Callon, an independent exploration and production (E&P) company based in Natchez, MS, said the 6,230 gross (3,862 net) acres are in Andrews, Ector, Martin and Midland counties, but that 95% of the acreage is in Andrews and Midland, near the company's existing Carpe Diem and Pecan Acres fields in Midland.
According to Callon, the acquired acreage also includes:
- 188 gross (117 net) potential horizontal drilling locations targeting the Wolfcamp B, Lower Spraberry and Middle Spraberry zones, which are currently producing in offsetting fields;
- 252 gross (156 net) additional potential horizontal drilling locations targeting four other prospective zones, including the Wolfcamp A, Wolfcamp D (Cline), Clearfork and Jo Mill;
- 1,465 Boe/d (68% oil) estimated average net daily production during 2Q2014; and
- 4.0 million boe of net proved developed producing reserves as of June 30, based on Callon's internal estimates.
Callon added that no proved undeveloped reserves were estimated, given legacy vertical development and the company's plan to develop the field with horizontal wells. It added that 100% of the targeted horizontal zones in the acquired acreage is held by production.
"The acquisition of these properties represents another significant step in the execution of our strategic plan in the Midland Basin," said CEO Fred Callon. "The horizontal development of these fields will be immediately integrated into our recently announced capital plan to accelerate our drilling activity, and will also benefit from the knowledge base we have built from operations on our adjacent acreage.
"The fields are located in the core of the industry's multiple-zone development activity, and will add substantially to our existing inventory of potential well locations. As a result, we believe that this new development unit will be a catalyst for incremental increases in our drilling activity in the near future."

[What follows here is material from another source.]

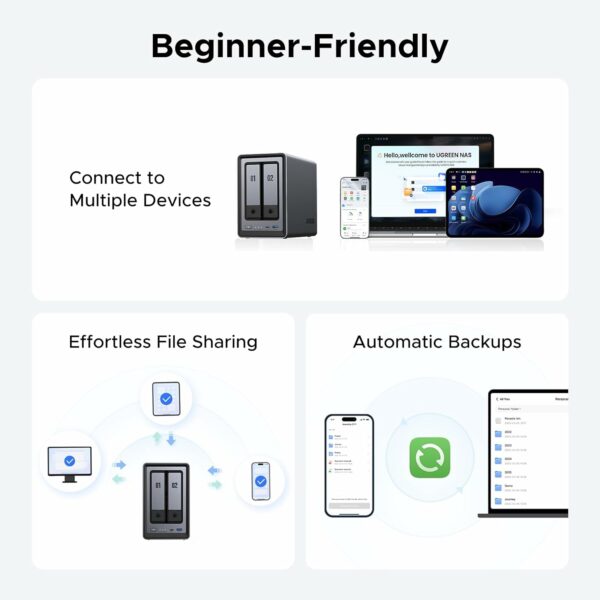 ugreen 25369 network attached storage dxp2800 (diskless) eu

The deal calls for Callon to assume the role as operator after closing, upon which it will also own an estimated 62% working interest (46.5% net revenue interest). The company said one horizontal well on the property targeting the Wolfcamp B has been drilled to date, with two additional wells targeting the same formation in various stages of drilling and completion. Callon said a fourth well, targeting the Lower Spraberry, has been permitted and is scheduled to be drilled in 4Q2014.
Callon said the deal is subject to customary price adjustments, due diligence and closing conditions, and would have an effective date of May 1. The company secured a commitment for a term loan facility for an amount up to $275 million and an amended revolving credit facility with an initial borrowing base of $250 million. Callon said it hopes to close on the deal in early October.
Pro forma for the acquisition, coupled with a separate pending acquisition of 577 net acres in Reagan County, TX, Callon will have had 6,745 boe/d of estimated average net daily production during 2Q2014, with 80% of production weighted toward oil.
According to Callon's website, the company entered the Permian Basin in 2009 when it acquired approximately 8,800 net acres in the play for $16 million. The company now holds more than 30,000 net acres in the play.